# Today Is A New Day



## Slip (Jul 25, 2006)

Well, woudn't let yesterday get the best of me so after Church, decided to give it another go. Decided to make another two piece hollow vase and went slow at it. Got initial shape and shaped inside to 1/8" wall thickness as even as possible. All went well. Made top of same thickness and all still seemed to go well. Put it together and finished shaping outside to smooth out somewhat better. Wha-la, finished and did not go into pieces. Shape isn't exactly how I had envisioned to begin with, but not too bad. Now that I know I can still do it (maybe yesterday was just a bad day), will try again to make the shape somewhat better on next version possibly next week. Anyway, here is how it looked just before cutting off and now soaking for a few day and will begin drying process. This Gum was really very wet and turned like a dream. Funny, yesterday I got catches using one of my favorite tools and never had catches before with it. Today, the same tool worked great with not one catch and works perfect. Guess, I was just too jittery or something as couldn't get anything right. Today is a new day. See results before drying and finishing. Will post finished product, but will be probably about 6 weeks or so after drying and finishing.
Dale


----------



## Tortuga (May 21, 2004)

Absolutely beautiful piece of work, Dale....If I could do that, I'd be standing on a downtown corner showing it off... Really looking forward to seeing the finished product...

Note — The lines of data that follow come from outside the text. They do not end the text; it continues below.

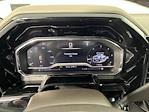 New 2025 GMC Sierra 2500 SLT Crew Cab 4WD Pickup for sale #625433 - photo 23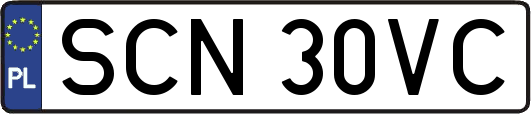 SCN30VC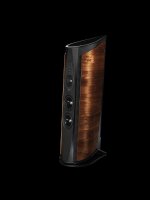 Sonus Faber Aida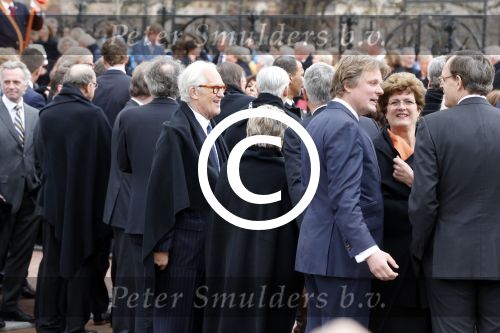 Amsterdam 13 april 2013
Ruud Gullit en zijn vriendin Maggie Jimenez bij de opening van het rijksmuseum.
Peter Smulders bv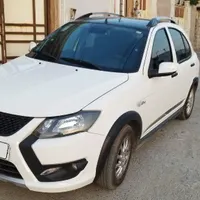 کوئیک 1403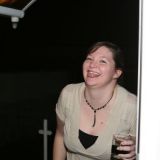 Profilfoto von Johanna Ter Hofste
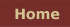 nav home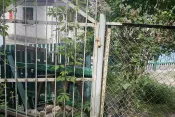 №5570 частина 2-х поверхового приватного будинка в центрі міста на вул. В.Бердичівська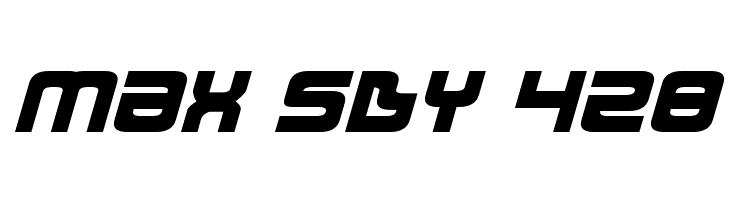 DirektorItalic  Free Fonts Download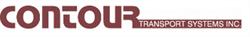 Contour Transport Systems, Grimsby, ON opening hours
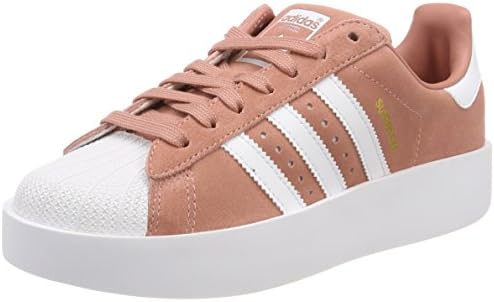 adidas superstar bold 36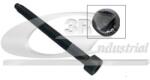 3RG Surub ajustare pompa injectie 3RG 99701 (99701)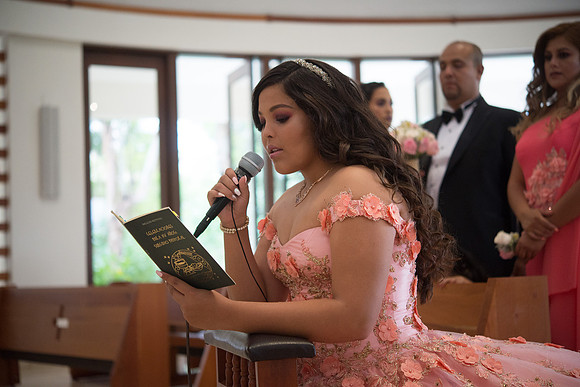 Fernanda Dia de los Quinces-95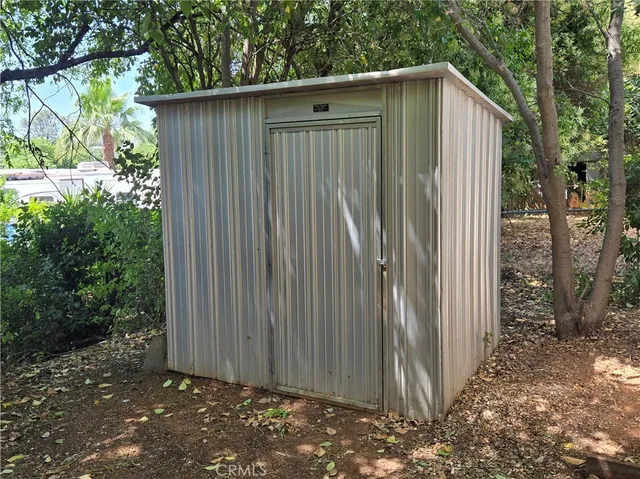 $36,500 | 1047 14th Street, Unit 31, Oroville, CA 95965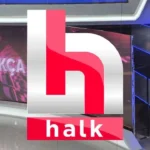 Batman'da cesedi bulunan gençle ilgili 5 gözaltı daha: Sayı 19’a çıktı thumbnail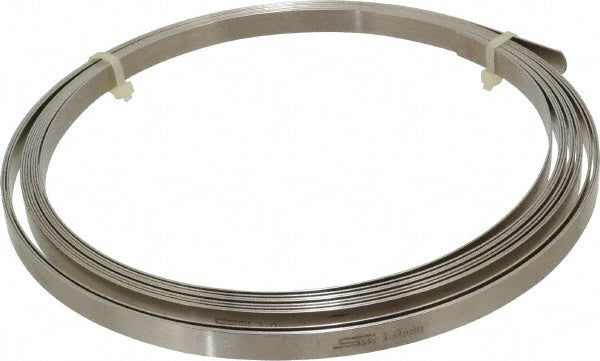 Feeler Gage - SPI 91-479-6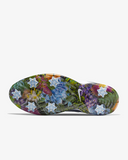 Nike Tour Premiere NRG [via webhook]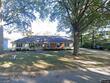 64 fulkerson cir, liberty,  MO 64068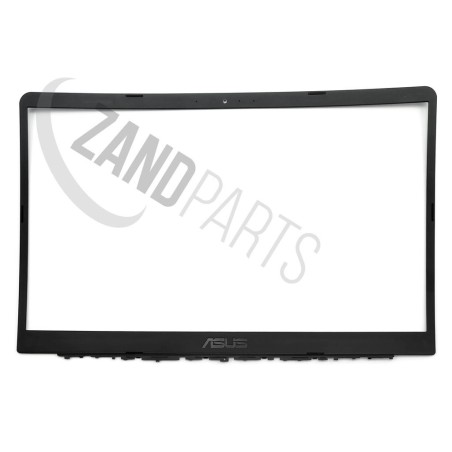 Asus X510UA-1A HD LCD BEZEL ASSY (BLACK)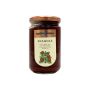 agrimontana-confettura-fragole-330g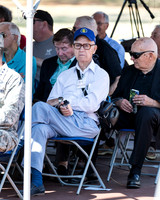 ACA_Memorial_5D3_2016_10_16_024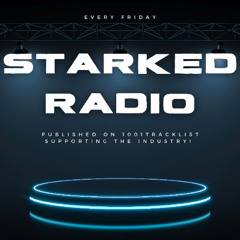 Starked Radio 133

Sure wish I could do sumthin' like that..but you know about 'wishes'..LOL:wink:


----------



## Bobby (May 21, 2004)

Looking good if you keep practicing your going to learn how to turn some wood


----------



## Slip (Jul 25, 2006)

Bobby, Thanks, will keep practicing on these things in not so distant future. Once my plant turnaround finishes in September hope to practice lots more. I have a display cabinet that is full of them and friends and family also have some here and there.
Jim, thanks also and just go after it, it really isn't that difficult. I started by making some hollow lidded boxes first and once I got the hang of it, then started making small vases and when my lathe grows up, will start making the large vases like Galvbay. These small project are sure fun to make and Saturday was first time in a long time, that things went as bad as they went. I once saw a show on DIY channel that turned these vases and I kinda got the concept by watching that show. Haven't seen these shows in a long time and don't have a copy any longer.


----------



## 3192 (Dec 30, 2004)

SK.....looking good! We need to get you a steady rest built sometime. They really help support those longer turners. gb


----------



## Slip (Jul 25, 2006)

Galvbay, yes, I agree. I am really wanting to get me one of those things. Have been looking at some of the catalogs of them and just not sure what I need as of yet. I have been interested in getting one.


----------



## 3192 (Dec 30, 2004)

SK....I think I have 10-15 bucks in mine. Rollerblade wheels from a garage sale...some square tubing and some 3/4' plywood will make one. gb


----------



## Slip (Jul 25, 2006)

Oops, sorry, I had the boring system in my head that I was thinking about. Yea, looking at your steady rest and others, I think I can tackle something like that. I am thinking about makeing me one of those after I get through with this extra time work schedule in next few months. That would help solve some of the problems of chatter deep inside the vessel from time to time and give some support. I have had the vessel become off balance a few times and this would help that scenerio. Thanks for the tip.
I've been soaking this vessel since Sunday and think I may take out today and begin drying slowly.


----------



## Slip (Jul 25, 2006)

Ok, after a month of soaking, drying and finishing, here is final results of the project from original post of start to final finish. Finished very nice with 15 coats of laquer. Now sitting in my display cabinet waiting on a brother or sister to come for next project, after I start working normal hours again hopefully early September.


----------



## Surf Hunter (Sep 28, 2006)

Wow Slip, that is VERY nice! All the time you put in the finish really paid off.


----------



## trodery (Sep 13, 2006)

That finish is beautiful!


----------



## Bobby (May 21, 2004)

I want to know how you kept that hot glass from burning the wood???


Love that finish.


----------